Many Washington residents may be unfamiliar with issues of premises liability, particularly as they relate to attractive nuisance laws. In general, landowners and others are required to recognize features of their properties that may attract children and, in the process, place them in danger. Even cases where a child was trespassing may result in liability being imposed.
Some of the things that come into play in determining whether attractive nuisance laws are applicable concern the condition of the property itself. For example, in the case of playground accidents, the playground’s condition is such that failing to resolve a dangerous aspect of it presents a minimal risk compared to the potential risk of harming a child.

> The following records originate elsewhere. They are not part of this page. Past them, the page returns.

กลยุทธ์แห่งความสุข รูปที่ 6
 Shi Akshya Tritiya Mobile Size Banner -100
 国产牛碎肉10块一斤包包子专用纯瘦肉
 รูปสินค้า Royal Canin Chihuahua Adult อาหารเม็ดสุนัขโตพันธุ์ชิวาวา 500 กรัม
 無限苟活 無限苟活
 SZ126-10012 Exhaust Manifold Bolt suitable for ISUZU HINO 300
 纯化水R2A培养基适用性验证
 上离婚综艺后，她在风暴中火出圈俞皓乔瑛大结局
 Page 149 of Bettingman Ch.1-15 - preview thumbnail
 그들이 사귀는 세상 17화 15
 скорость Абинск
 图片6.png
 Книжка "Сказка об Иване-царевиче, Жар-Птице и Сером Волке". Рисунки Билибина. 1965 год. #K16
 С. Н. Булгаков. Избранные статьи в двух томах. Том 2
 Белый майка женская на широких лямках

Following along those lines, landowners are expected to take reasonable care with respect to their properties. Areas that have the potential to be dangerous should be subject to some form of action that mitigates the risk of children trespassing upon them. Landowners are expected to understand that children may be too inexperienced to understand such dangers themselves and act preemptively to minimize the risks themselves. This is especially true if the dangerous area in question may cause serious injury or death.
The parents of a child who has been injured on another’s property may want to discuss their situation with a personal injury attorney. Legal counsel may review the condition of the particular property as well as its maintenance history to determine whether a landowner fulfilled the required duty of care. The attorney may then, if warranted, proceed with a premises liability lawsuit seeking damages for the losses that have been sustained.